Now Toxic Avenger The Musical has opened at the Arts Theatre, hot off for last year's production at the Southwark Playhouse, and it's pretty damn great. Hewing pretty closely to the original movie, we meet the twisted inhabitants of Tromaville, New Jersey, where glowing nuclear waste oozes from pipes, the tap water is flammable and the fish are deformed monstrosities. Dorky wimp Melvin (Mark Anderson) and his crush, blind librarian Sarah (Emma Salvo) scratch out a living in his nightmare. In an effort to impress Sarah, Melvin decides to fight the town's pollution, threatening to expose the Mayor's (Natalie Hope) corruption. Instead, she pays some hired goons to dunk him in mutagenic goo, but rather than kill him it merely transforms him into... The Toxic Avenger!

What follows is appropriately Troma-y descent into bad taste, full of gags that dare you to be offended, cranked-up sexuality, ludicrously broad stereotypes and Itchy and Scratchy-esque violence. As the director's note in the programme explains, the West End is a very safe place full of shows that, hoping to appeal to the widest possible audience, are desperate not to offend or challenge. The consequence is bland, safe sludgy theatre loaded with saccharine morals.

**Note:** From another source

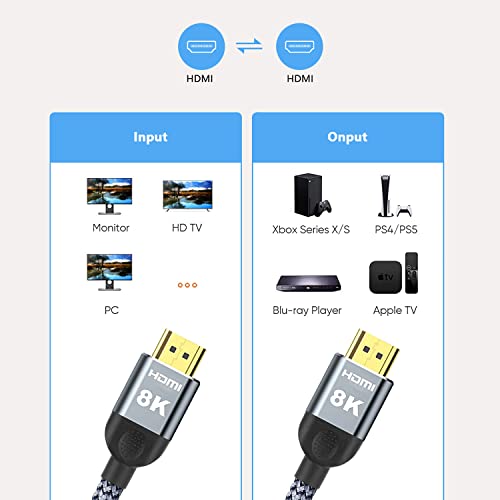 Cabo HDMI PIZUCB 8K 2,1 3m/10ft 48 Gbps, cordão de alta velocidade HDMI 4K@120Hz/144Hz 8k@60Hz HDCP 2.2 e 2.3, HDR dinâmico, Earc,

Toxic Avenger the Musical certainly isn't that. For example, there's a constant rain of jokes at the expense of a blind character that had me guiltily laughing. That air of 'should I be laughing at this' continues throughout the show - landing pretty much at same tone as the average episode of South Park. But this show gets away with it, partially because it's always 'punching up'.

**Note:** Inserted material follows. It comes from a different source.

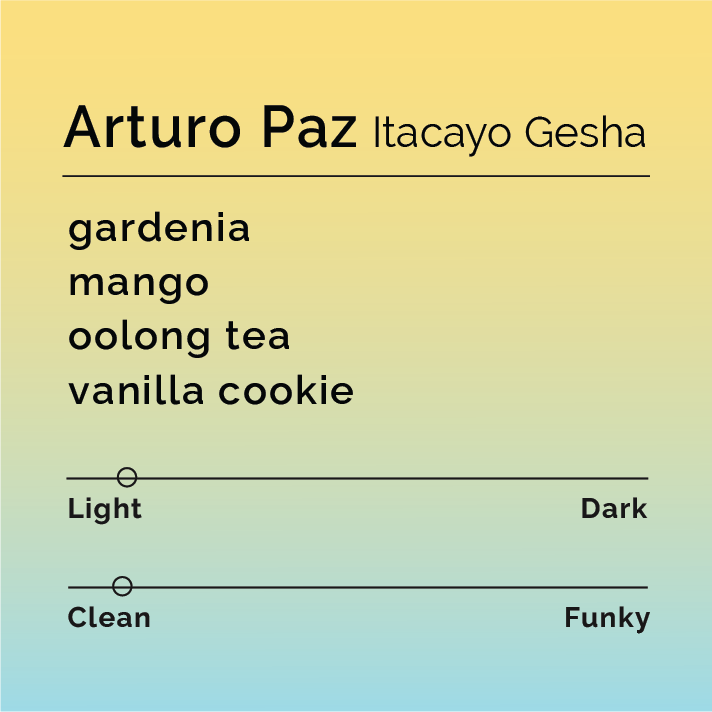 Product label for Arturo Paz - Itacayo Gesha with flavor description, clean funk, and lighter roast, on a color gradient background.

Troma itself is an underdog movie studio and Toxie is an underdog superhero. The musical runs with this baton, painting itself as an underdog musical and repeatedly contrasting itself against its glossy West End neighbours. It trips itself up a little by being so musically, performatively and aesthetically solid, but by and large, the show still feels like a scrappy, homegrown passion project with a gleefully twisted sensibility. It is after all, rare to see a West End show in which the moral conclusion is that we should decapitate polluting industrialists, not to mention one in which a man's intestines are played like a guitar.

Anyway, it's easy to like a show with such a toe-tapping soundtrack - it's always a good sign when you can't get the songs out of your head the next day. Bryan's Bon Jovi heritage shines through in most of the numbers, ranging from 80s inspired hair metal to demented power ballads, all incredibly dense with lyrical gags. 

The energetic cast also excels. Highlights are Natalie Hope's ultraslutty mayor, forever ready to tear her dress upon in a display of weaponised sexuality, Emma Salvo's hilarious commitment to stage blindness and impressive set of pipes, and the double act of Che Francis and Oscar Conlon-Morrey in a variety of supporting roles. But it's Mark Anderson's Toxie that'll stick in my mind - a winning combo of charisma and costume that perfectly brings the character to life.

By now you can probably tell that I enjoyed the hell out of this show. I often feel out of step when it comes to musical theatre - when other critics praise absolute guff like Braille Legacy or Titanic: The Musical (not a parody) I end up scratching my head - but this is my kinda night out. All hail Troma! All hail Toxie! May Toxic Avenger the Musical play long and loud!

Toxic Avenger the Musical is at the Arts Theatre until 3rd December.